WORK ITEM — Your response should be an exact transcription of the data, images excluded.

DATASET EXCERPT —

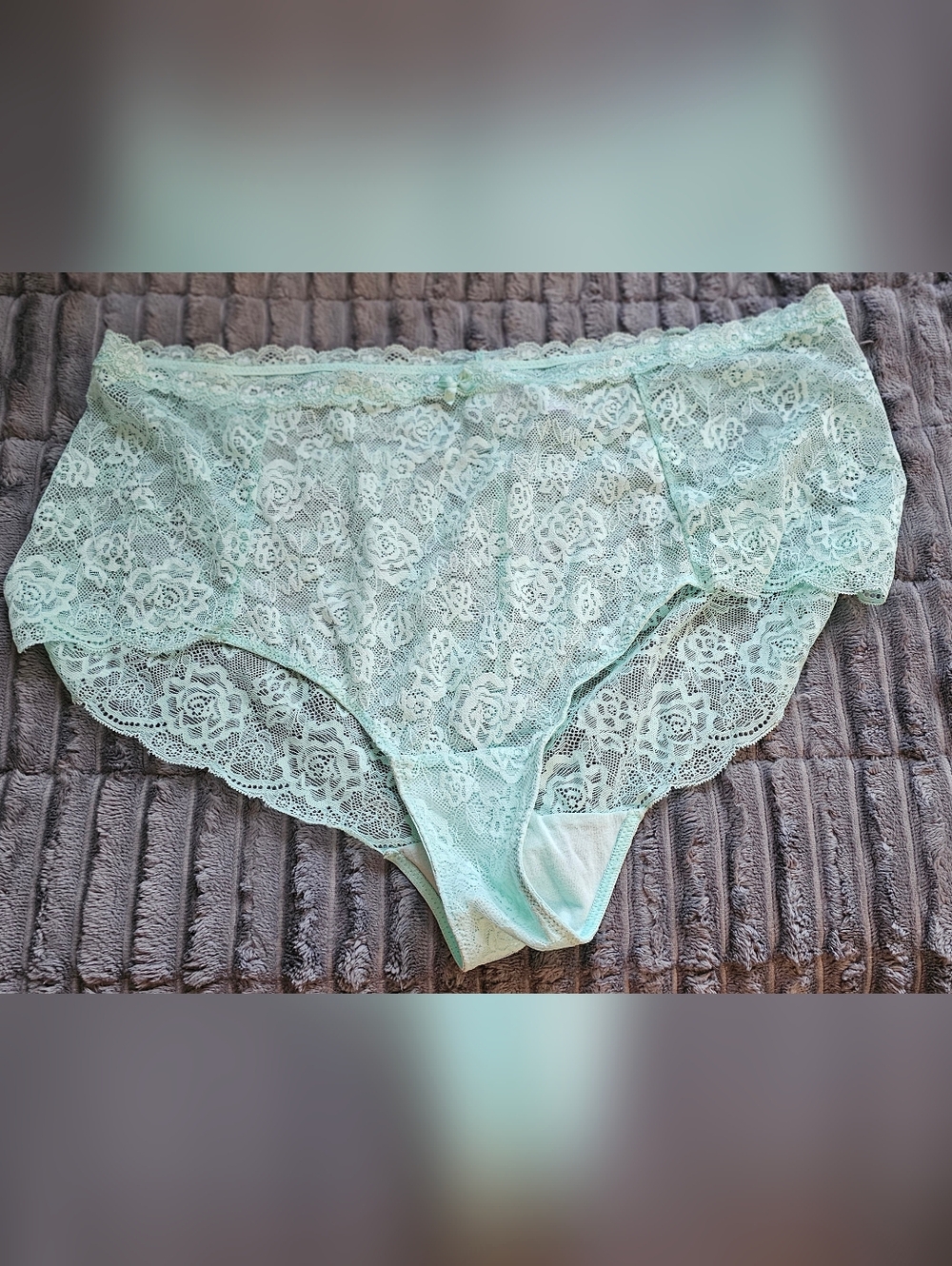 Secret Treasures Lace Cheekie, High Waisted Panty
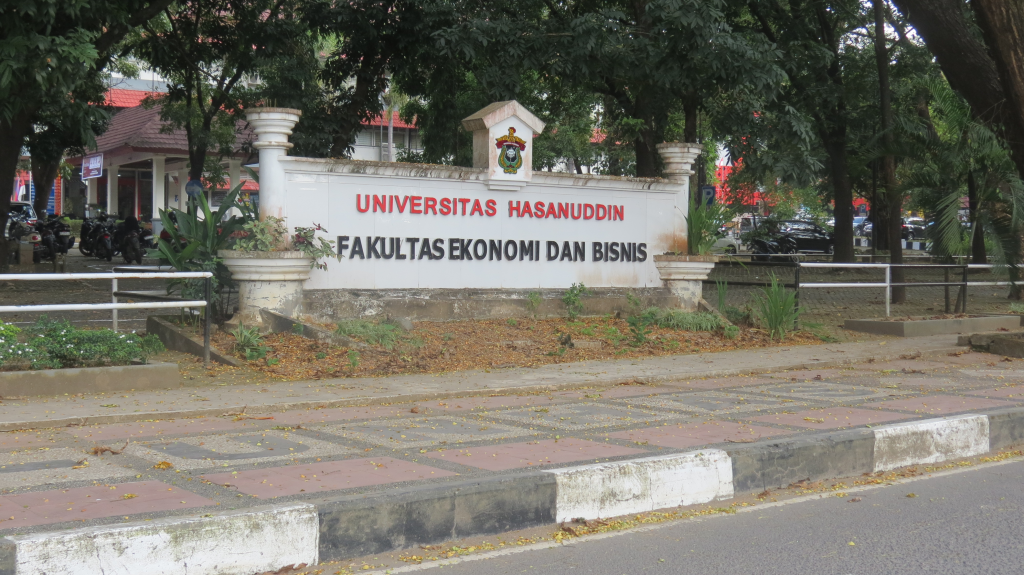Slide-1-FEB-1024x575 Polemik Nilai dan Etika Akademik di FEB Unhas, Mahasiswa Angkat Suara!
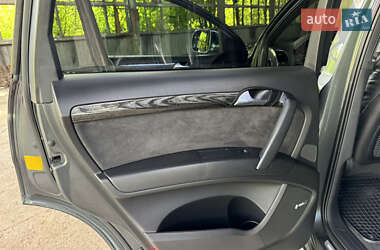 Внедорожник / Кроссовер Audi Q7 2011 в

TASK RESULT —
 Secret Treasures Lace Cheekie, High Waisted Panty
Slide-1-FEB-1024x575 Polemik Nilai dan Etika Akademik di FEB Unhas, Mahasiswa Angkat Suara!
 Внедорожник / Кроссовер Audi Q7 2011 в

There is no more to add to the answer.